The COVID-19 pandemic las led to a shift in demand toward lower-margin products. In addition, higher operating costs in response to the COVID-19 pandemic and related activities are likely to have impacted operating margin in the quarter to be reported. Nevertheless, the company’s ongoing cost control measures undertaken in the wake of the ongoing uncertainty might have mitigated some of the impact.
Shares of the company have gained 21.1% in a year compared with the industry’s rally of 37.5%.
Our proven model does not conclusively predict an earnings beat for Grainger this time around. The combination of a positive Earnings ESP and a Zacks Rank #1 (Strong Buy), 2 (Buy) or 3 (Hold) increases the chances of beating estimates.
You can uncover the best stocks to buy or sell before they’re reported with our Earnings ESP Filter.
Earnings ESP: Grainger has an Earnings ESP of 0.00% .

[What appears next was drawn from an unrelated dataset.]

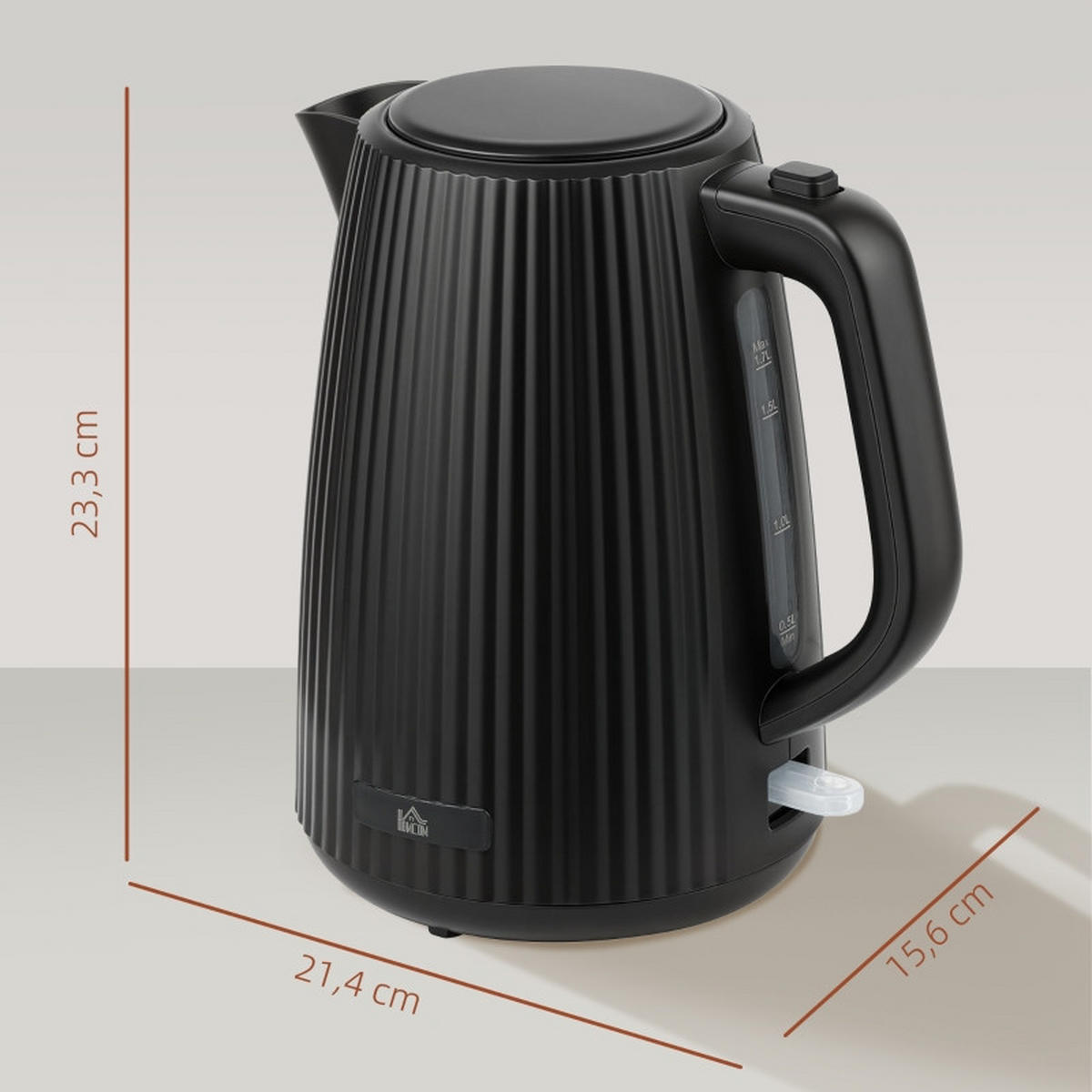 WASSERKOCHER mit 360°‑Basisstation, stilvoller elektrischer Wasserkocher mit automatischer Abschaltung, 1700 ml Fassungsvermögen für Küche, schwarz - Schwarz, Metall (21.4/23.3/15.6cm) - Joyfair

Zacks Rank: Grainger currently carries a Zacks Rank of 3.
Stocks Poised to Beat Earnings Estimates
Here are some Industrial Product stocks, which you may want to consider, as our model shows that these have the right combination of elements to post an earnings beat in their upcoming releases:
AGCO Corporation AGCO has an Earnings ESP of +6.07% and a Zacks Rank of 1, currently. You can see the complete list of today’s Zacks #1 Rank stocks here.
Lindsay Corporation LNN, currently a Zacks #2 Ranked stock, has an Earnings ESP of +11.01%.
Pentair plc PNR has a Zacks Rank #2 and an Earnings ESP of +2.78%, at present.